For untrusted code at scale, still layer an OS sandbox underneath.
</Warning>

## `none` — the trusted escape hatch

`none` is in-process and enforces a path allowlist. Use it when the agent is
*meant* to operate on the real host with the runtime's own reach — CLIs, eval
runners, CI — or when isolation already exists at another layer.

```ts
import { createNoneSandbox } from "@drover/sandbox";

const sandbox = createNoneSandbox({
  allowedRoots: ["/tmp/safe"],
  allowShell: false, // default
});
```

| Operation | Constraint |
| --- | --- |
| `readFile(path)` | resolved + realpath → must be inside `allowedRoots` |
| `writeFile(path)` | resolved + realpath → must be inside `allowedRoots` (parent ancestor checked when path doesn't exist) |
| `assertPathAllowed(path)` | same realpath + allowedRoots check, surfaced for tools that pass argv to spawned processes (`grep`, `find`, `ls`) |
| `run(cmd, args)` | only spawn `cwd` is checked. **argv is opaque.** |

### What `bash` does to the `none` boundary

`bash` runs `/bin/sh -c <command>`. Under `none` the shell can `cat
/etc/passwd`, `ls /`, write anywhere your user can. The sandbox checks `cwd` —
that's all it can check. So drover refuses to compose `bash` into a run
unless the sandbox advertises shell capability:

```ts
// bash is silently dropped from the toolset
createNoneSandbox({ allowedRoots: [cwd] });

// bash is composed, with the documented escape
createNoneSandbox({ allowedRoots: [cwd], allowShell: true });
```

`tools: ["bash"]` passed to the first sandbox is a no-op — silently dropping
is safer than silently exposing. (Under `just-bash`, `bash` always composes.)

### Empty `allowedRoots`

```ts
createNoneSandbox(); // allowedRoots: []
```

Empty means **no boundary** — drover treats it as "trusted runtime."
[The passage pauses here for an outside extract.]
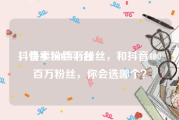 抖音卖粉丝平台
，快手100百万粉丝，和抖音100百万粉丝，你会选哪个？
## Wiring a stronger sandbox

The interface:

```ts
interface SandboxAdapter {
  readonly id: string;
  readonly capabilities: SandboxCapabilities;
  run(cmd, args, opts?): Effect<ExecResult, SandboxError>;
  readFile(path): Effect<string, SandboxError>;
  writeFile(path, contents): Effect<void, SandboxError>;
  resolvePath(path, cwd): string;
  assertPathAllowed(path): Effect<void, SandboxError>;
}
```

Adapter shapes drover doesn't ship; common production picks:

| adapter | provides |
| --- | --- |
| `sandbox-exec` (macOS SBPL) | per-call seatbelt profile constraining read+exec at the kernel level |
| `firejail` (Linux) | namespaced filesystem + network isolation |
| `docker` | full container per run, network gated |
| `daytona` / Cloudflare container | remote VM, attach via API |

Advertise `capabilities.shell: true` only when the spawned process genuinely
cannot escape.

## Path / sandbox boundary checklist

When auditing a new tool:

1. Does it call `sandbox.run` with a user-supplied path as argv? Gate the
   path with `sandbox.assertPathAllowed(target)` before spawning. `grep`,
   `find`, `ls` do this. (Under `just-bash` the check is a no-op; under
   `none` it is load-bearing — write tools to satisfy both.)
2. Does it shell out? It inherits the sandbox's shell limitations — only
   inject under capability-checked sandboxes.
3. Does it read or write a user-supplied path? Use `readFile`/`writeFile`
   directly; they enforce the boundary.